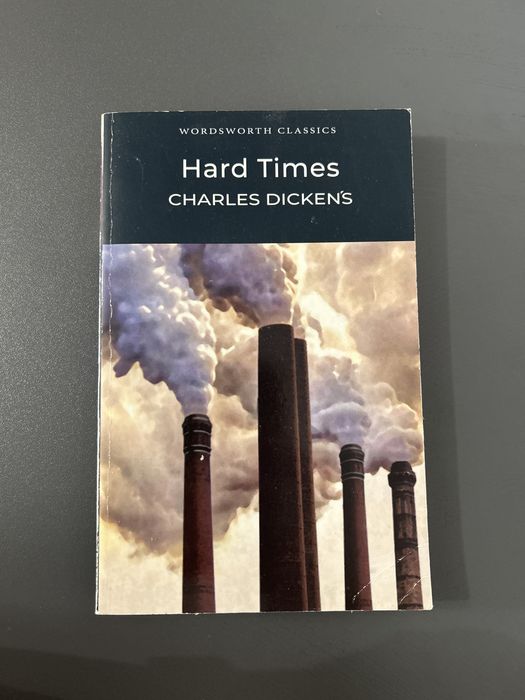 Ч. Диккенс. Hard Times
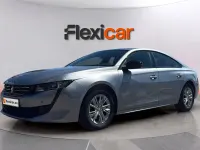 Usado Peugeot 508 Active 130 CV (95 kW) 2021 Gris Berlina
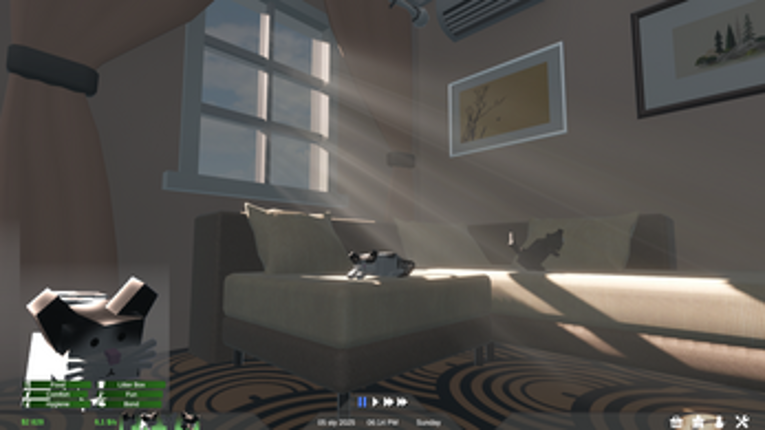 Life of a Cat screenshot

### What the exercise asks
When you retype the listing, keep every line exactly as it is and drop the pictures.

### Your solution
 Ч. Диккенс. Hard Times
 Usado Peugeot 508 Active 130 CV (95 kW) 2021 Gris Berlina
 Life of a Cat screenshot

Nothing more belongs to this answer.